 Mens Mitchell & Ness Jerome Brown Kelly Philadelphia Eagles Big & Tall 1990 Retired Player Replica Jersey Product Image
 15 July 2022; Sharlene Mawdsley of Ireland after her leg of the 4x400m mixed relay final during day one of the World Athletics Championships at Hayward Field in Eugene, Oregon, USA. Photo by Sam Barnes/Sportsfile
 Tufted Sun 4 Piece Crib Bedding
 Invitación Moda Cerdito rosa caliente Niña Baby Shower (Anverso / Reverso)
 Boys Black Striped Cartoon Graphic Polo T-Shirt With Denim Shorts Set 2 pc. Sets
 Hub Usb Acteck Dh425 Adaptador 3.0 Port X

--

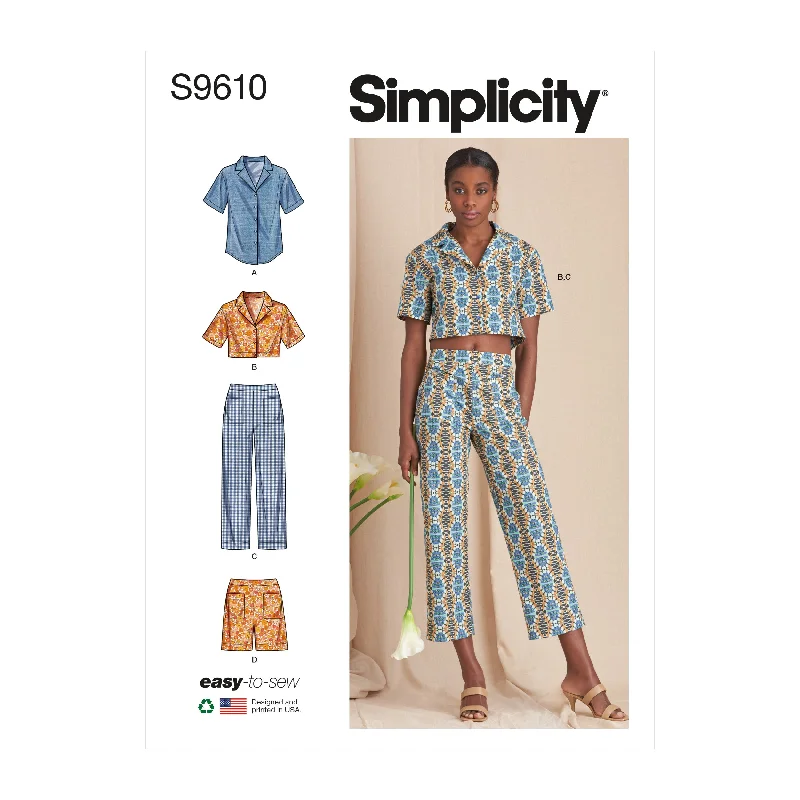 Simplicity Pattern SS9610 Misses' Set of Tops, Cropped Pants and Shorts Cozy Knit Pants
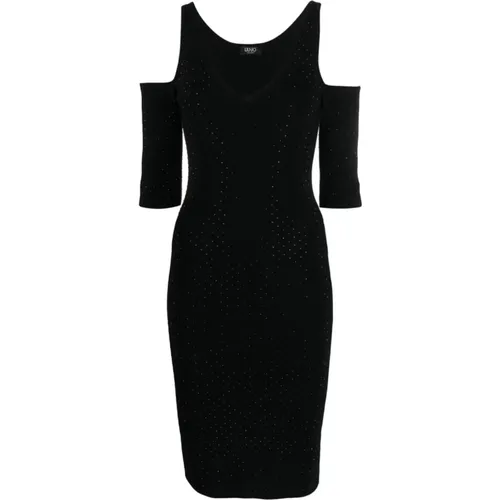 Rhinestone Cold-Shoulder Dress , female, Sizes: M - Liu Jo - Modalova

> [EXERCISE OBJECTIVE]: From the material above, output only the span of lines that starts at the one containing "Simplicity Pattern SS9610" and finishes at the one containing "Rhinestone Cold-Shoulder Dress", word for word and free of pictures.

> [ANSWER TO THIS TASK]:
 Simplicity Pattern SS9610 Misses' Set of Tops, Cropped Pants and Shorts Cozy Knit Pants
 Rhinestone Cold-Shoulder Dress , female, Sizes: M - Liu Jo - Modalova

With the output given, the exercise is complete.